Tuesday, February 27, 2007

Dis-proving Christianity

Rumor has it someone found Jesus' tomb. This will, apparently, call into question the Resurrection. Pardon me for not shaking too terribly in my boots. I have little doubt that this will be proven a hoax in short order. The evidence is scant, to say the least, though the fellow who discovered the tomb should make a pretty penny on his little documentary. Far be it for me to suggest an ulterior motive.

But let us suppose that this filmmaker has somehow dis-proven Christianity. Maybe the faith which I share with some 2.1 billion people worldwide is a giant scam. Maybe.

And yet if Christianity is false, only a system of nonsense perpetuated by superstitious madmen, it is all the more strange that it has lasted for two thousand years. That a man named Christ was the Son of God is fantastic; that the most influential figure in human history wasn't God at all, but was only an unpopular preacher among a set of bizarre people in the Middle East is profoundly more fantastic. St. Augustine wrestles with this topic in his monumental City of God:

And the very manner in which the world's faith was won is found to be even more incredible if we consider it. Men uninstructed in any branch of a liberal education, without any of the refinement of heathen learning, unskilled in grammar, not armed with dialectic, not adorned with rhetoric, but plain fishermen, and very few in number,-these were the men whom Christ sent with the nets of faith to the sea of this world.... It is incredible that Jesus Christ should have risen in the flesh and ascended with flesh into heaven; it is incredible that the world should have believed so incredible a thing; it is incredible that a very few men, of mean birth and the lowest rank, and no education, should have been able so effectually to persuade the world, and even its learned men, of so incredible a thing. Of these three incredibles, the parties with whom we are debating refuse to believe the first; they cannot refuse to see the second, which they are unable to account for if they do not believe the third.

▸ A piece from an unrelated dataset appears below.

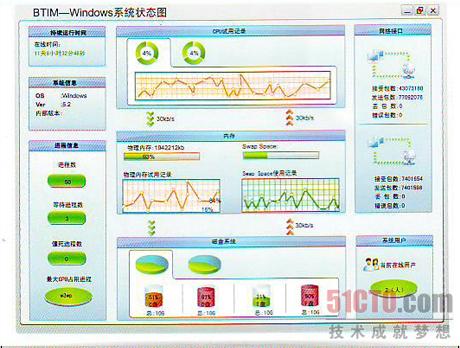 北塔BTIM Windows系统状态图（摩卡公司提供）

That Christianity is mere rubbish one could claim. But one would have to come up with an alternative explanation for its pervasiveness. Either Christ was who he said He was and Christianity is true or we are faced with something far more unbelievable than that God would deign to walk among us. Supposing Christ was merely a liar or a lunatic, how does one explain the fact that people still know of Him? If He was only a madman, why did all of His Disciples, save Judas who betrayed him, and the mystic John, who died a natural death, give up their life for His cause? Nor can anyone who has studied the Gospels fail to be surprised that the woeful Disciples found the courage to die. These had locked themselves in a room for fear of the Jews, and some fifty days after the Resurrection they are putting their very lives on the line to spread the Good News. And after establishing a Church community in Jerusalem, the Disciples went onto the ends of the earth to further establish churches, leaving the Roman Empire to be converted, almost single-handedly, by a former persecutor named Saul, now called Paul.

Strange stuff indeed. If only the world knew how strange any explanation must be, they might some day ponder the possibility of there being a great deal of truth in the unusual claim of that prophet from Galilee.